Mas, convenhamos, sendo este livro, como todos, uma aposta editorial – que assim “condicionará” a possibilidade de outro projecto similar nascer nos tempos mais próximos –, esperar-se-ia que fosse exigido muito mais. Dos autores e da edição.
Com efeito, Lisboa em 10 histórias anuncia na badana que na capital “não existe esquina, passeio ou recanto (…) que não esteja repleto de histórias por contar”, mas depois reduz-se a um mero repositório, em quase toda a sua extensão, de descrições como que retiradas de um qualquer vulgar compêndio histórico, cheio de lugares-comuns ou mesmo baseando-se em mitos sem sustentação na História.

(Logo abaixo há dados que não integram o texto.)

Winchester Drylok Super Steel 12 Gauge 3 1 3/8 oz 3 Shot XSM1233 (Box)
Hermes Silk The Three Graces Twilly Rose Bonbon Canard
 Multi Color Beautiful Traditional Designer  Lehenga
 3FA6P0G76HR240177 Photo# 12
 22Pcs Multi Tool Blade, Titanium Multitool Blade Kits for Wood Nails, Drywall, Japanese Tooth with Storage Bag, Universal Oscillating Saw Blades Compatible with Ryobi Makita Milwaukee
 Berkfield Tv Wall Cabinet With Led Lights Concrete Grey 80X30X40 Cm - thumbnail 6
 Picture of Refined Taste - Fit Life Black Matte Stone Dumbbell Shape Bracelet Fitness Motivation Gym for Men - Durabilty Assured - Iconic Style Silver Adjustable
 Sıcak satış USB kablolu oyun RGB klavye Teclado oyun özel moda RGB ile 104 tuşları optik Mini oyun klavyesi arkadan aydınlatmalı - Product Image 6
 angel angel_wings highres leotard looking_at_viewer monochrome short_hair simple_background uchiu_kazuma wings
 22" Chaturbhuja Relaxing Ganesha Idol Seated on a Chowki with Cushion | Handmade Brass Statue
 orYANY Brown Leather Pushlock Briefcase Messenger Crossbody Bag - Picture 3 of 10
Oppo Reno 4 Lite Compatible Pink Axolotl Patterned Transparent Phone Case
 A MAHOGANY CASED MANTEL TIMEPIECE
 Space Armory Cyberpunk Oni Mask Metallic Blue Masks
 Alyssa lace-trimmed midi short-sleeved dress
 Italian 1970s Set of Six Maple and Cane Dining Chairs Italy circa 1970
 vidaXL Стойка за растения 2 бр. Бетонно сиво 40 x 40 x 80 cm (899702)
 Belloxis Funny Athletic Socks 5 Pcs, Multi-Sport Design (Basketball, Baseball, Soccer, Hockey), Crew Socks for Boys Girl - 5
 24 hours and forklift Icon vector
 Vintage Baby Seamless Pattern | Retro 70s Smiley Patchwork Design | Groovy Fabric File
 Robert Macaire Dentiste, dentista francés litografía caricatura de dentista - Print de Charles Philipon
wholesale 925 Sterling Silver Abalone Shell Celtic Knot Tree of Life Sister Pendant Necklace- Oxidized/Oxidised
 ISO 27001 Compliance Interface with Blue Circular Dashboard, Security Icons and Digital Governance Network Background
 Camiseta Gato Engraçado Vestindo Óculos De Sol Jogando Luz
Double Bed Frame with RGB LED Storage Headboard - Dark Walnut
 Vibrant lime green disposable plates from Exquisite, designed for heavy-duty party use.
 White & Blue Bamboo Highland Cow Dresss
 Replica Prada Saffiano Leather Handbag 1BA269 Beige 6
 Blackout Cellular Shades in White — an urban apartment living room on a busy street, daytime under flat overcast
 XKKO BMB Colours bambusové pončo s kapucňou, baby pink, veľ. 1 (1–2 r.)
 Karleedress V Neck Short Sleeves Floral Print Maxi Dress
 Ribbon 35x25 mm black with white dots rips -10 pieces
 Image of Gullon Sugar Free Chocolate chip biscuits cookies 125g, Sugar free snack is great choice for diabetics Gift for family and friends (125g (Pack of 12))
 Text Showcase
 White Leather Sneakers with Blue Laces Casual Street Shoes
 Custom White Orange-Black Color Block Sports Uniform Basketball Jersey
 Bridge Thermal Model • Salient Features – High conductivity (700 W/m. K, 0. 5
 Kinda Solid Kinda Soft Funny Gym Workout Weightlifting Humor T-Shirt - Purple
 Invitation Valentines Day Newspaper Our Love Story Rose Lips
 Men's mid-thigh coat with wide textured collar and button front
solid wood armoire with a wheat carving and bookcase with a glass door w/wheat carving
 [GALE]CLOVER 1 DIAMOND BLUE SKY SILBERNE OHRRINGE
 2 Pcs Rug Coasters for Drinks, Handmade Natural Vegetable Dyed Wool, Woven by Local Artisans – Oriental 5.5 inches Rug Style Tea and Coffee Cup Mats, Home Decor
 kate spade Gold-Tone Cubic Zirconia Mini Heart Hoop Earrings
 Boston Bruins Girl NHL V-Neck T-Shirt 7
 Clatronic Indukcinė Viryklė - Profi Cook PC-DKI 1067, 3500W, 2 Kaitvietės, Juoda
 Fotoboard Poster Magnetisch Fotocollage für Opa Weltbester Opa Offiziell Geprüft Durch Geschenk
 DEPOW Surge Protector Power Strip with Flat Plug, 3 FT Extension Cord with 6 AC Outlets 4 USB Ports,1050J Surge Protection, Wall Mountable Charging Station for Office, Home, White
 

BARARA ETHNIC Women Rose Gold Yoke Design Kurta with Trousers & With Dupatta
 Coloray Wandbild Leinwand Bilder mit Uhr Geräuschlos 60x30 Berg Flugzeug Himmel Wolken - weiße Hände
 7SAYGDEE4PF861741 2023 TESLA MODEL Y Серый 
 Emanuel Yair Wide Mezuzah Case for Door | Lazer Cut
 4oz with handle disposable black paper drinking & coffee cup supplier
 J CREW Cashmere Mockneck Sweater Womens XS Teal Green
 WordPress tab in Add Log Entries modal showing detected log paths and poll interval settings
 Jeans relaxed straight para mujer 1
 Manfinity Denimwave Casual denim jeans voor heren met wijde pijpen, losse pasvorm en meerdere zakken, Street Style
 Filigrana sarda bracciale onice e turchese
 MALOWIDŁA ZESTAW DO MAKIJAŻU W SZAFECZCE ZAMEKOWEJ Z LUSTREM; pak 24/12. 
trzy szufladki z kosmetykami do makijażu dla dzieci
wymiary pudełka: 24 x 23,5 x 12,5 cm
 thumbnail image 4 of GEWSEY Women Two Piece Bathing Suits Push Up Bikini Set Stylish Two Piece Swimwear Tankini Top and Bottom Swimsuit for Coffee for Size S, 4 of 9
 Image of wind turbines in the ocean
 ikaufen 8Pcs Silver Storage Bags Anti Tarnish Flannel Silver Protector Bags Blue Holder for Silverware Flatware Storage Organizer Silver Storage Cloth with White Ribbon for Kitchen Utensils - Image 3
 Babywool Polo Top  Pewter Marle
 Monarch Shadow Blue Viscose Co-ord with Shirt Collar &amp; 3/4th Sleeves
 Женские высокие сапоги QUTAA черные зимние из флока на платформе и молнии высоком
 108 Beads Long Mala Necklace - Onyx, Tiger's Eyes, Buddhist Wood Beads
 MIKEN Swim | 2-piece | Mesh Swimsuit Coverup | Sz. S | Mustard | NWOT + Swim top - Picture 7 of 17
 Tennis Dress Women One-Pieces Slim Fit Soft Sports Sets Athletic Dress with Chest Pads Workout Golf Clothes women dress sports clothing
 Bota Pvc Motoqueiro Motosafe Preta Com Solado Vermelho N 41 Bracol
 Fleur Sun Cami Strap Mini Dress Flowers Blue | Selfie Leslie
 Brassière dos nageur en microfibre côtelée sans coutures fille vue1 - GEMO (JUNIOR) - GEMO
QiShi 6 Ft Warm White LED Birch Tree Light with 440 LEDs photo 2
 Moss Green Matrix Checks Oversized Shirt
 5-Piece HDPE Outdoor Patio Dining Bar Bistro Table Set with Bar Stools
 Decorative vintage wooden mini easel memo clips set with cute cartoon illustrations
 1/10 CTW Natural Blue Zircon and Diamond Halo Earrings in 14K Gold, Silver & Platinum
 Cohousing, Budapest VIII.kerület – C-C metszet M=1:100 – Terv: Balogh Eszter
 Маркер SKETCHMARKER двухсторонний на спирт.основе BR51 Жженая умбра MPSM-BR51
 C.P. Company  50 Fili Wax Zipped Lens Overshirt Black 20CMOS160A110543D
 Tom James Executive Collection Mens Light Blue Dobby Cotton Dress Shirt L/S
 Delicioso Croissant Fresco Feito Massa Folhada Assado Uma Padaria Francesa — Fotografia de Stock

Um dos casos mais marcantes (ou chocantes, pelo menos para mim) surge no capítulo sobre o terramoto de Lisboa, onde o papel supostamente pragmático do futuro marquês de Pombal é, também aqui, artificialmente sublimado. Um erro crasso. E também erradamente se salienta uma falsa rapidez na reconstrução da chamada Baixa Pombalina, que, na verdade, demorou décadas.
Isto já sem falar na questão religiosa, que também de forma errada é abordada: na verdade, nunca houve, naqueles tempos, uma visão científica sólida que defendesse a causa natural dos terramotos, e uma das primeiras medidas régias pós-terramoto até foi o pedido ao Papa para que o jesuíta São Francisco de Borja fosse “tido como patrono e protector” do Reino de Portugal contra novas calamidades deste género. Só a queda em desgraça dos jesuítas, após o atentado ao rei D. José I, terminaria com esta veneração.
Enfim, não ajuda na apreciação desta obra que logo a seguir, na sua quarta história, seja apresentada uma temerária tese logo no título: “Como Napoleão criou de forma involuntária o Fado”. A sequência de acontecimentos que os autores associam Napoleão ao fado são, na verdade, risíveis, e no mínimo são mais fracos do que aqueles que aliariam, se alguém assim quisesse, D. Afonso Henriques à nossa mais célebre forma de canto. Dizer que a História do Fado aqui retratada é demasiado forçada é um eufemismo.
Com estas duas “maleitas”, o livro tem depois dificuldades em se redimir. Embora a escrita seja escorreita, o registo nunca excede o tom jornalístico, demasiado descritivo, sem rasgos nem chama, mesmo quando o tema é a calçada portuguesa, a recuperação do Chiado, a Lisboa dos hotéis e seus espiões, a frente ribeirinha da Expo, os elevadores e eléctricos que dominam as colinas, ou a arte urbana – capítulo, aliás, de uma inaceitável pobreza franciscana, por se ater somente às obras do artista plástico Bordalo II.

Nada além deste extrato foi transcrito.